§ **MATERIAL FOR THE TASK**
________
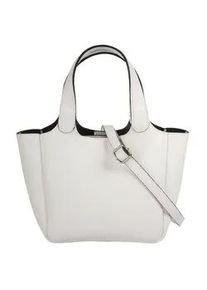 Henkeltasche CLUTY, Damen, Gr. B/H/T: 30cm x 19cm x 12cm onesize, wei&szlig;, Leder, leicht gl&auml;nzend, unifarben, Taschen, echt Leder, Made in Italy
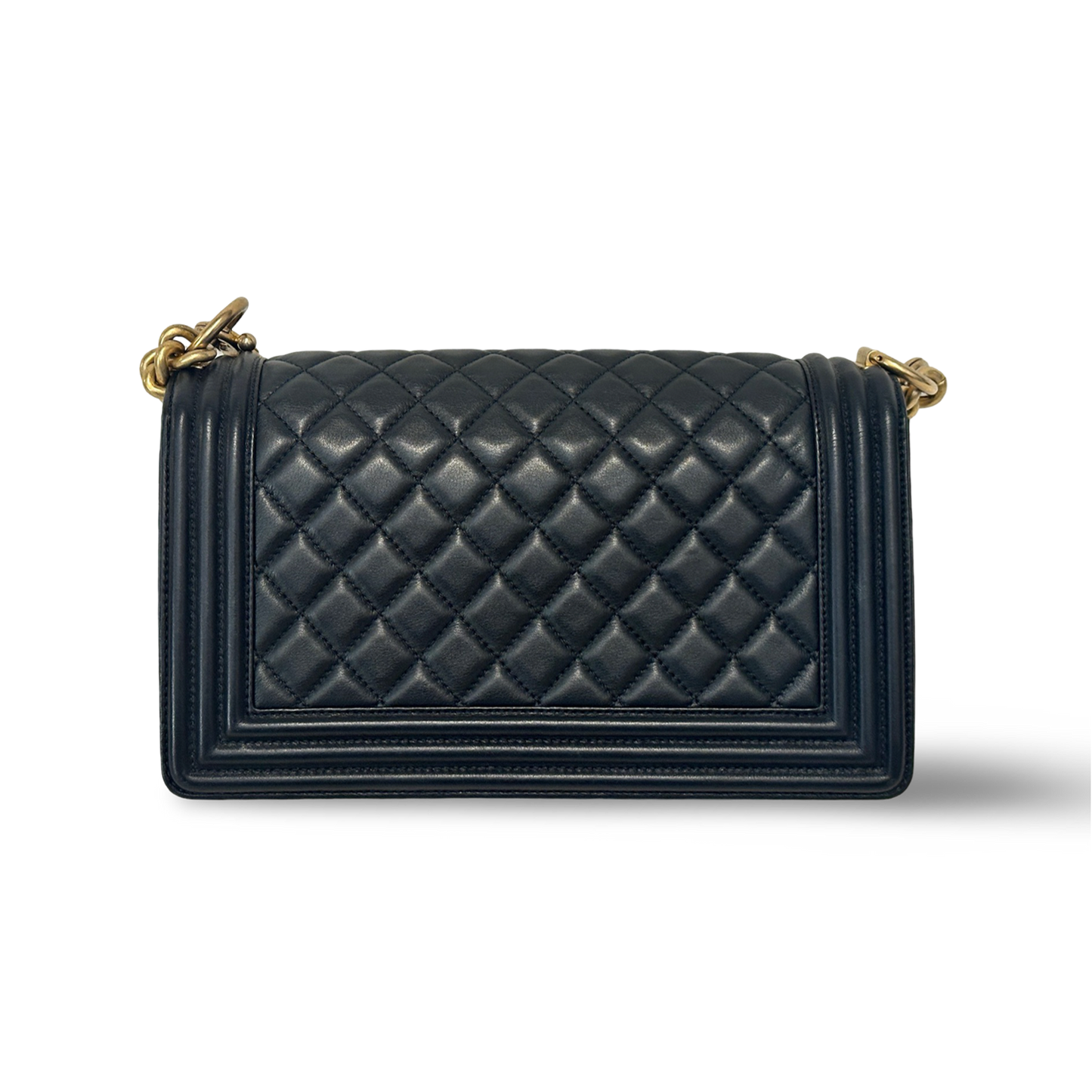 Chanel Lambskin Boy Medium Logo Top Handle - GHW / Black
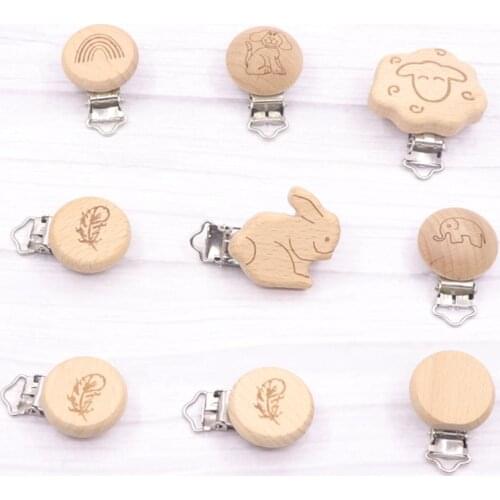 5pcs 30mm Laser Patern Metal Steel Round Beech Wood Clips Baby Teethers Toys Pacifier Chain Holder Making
________
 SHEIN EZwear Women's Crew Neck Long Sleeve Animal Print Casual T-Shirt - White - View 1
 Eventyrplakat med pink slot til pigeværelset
________
§ **WORK REQUIRED**
Repeat exactly the lines above, from the line that contains "Henkeltasche CLUTY, Damen, Gr." down through the line that contains "5pcs 30mm Laser". Include both of those lines and none of the pictures.

§ **RESULT OF THE EXERCISE**
 Henkeltasche CLUTY, Damen, Gr. B/H/T: 30cm x 19cm x 12cm onesize, wei&szlig;, Leder, leicht gl&auml;nzend, unifarben, Taschen, echt Leder, Made in Italy
 Chanel Lambskin Boy Medium Logo Top Handle - GHW / Black
 5pcs 30mm Laser Patern Metal Steel Round Beech Wood Clips Baby Teethers Toys Pacifier Chain Holder Making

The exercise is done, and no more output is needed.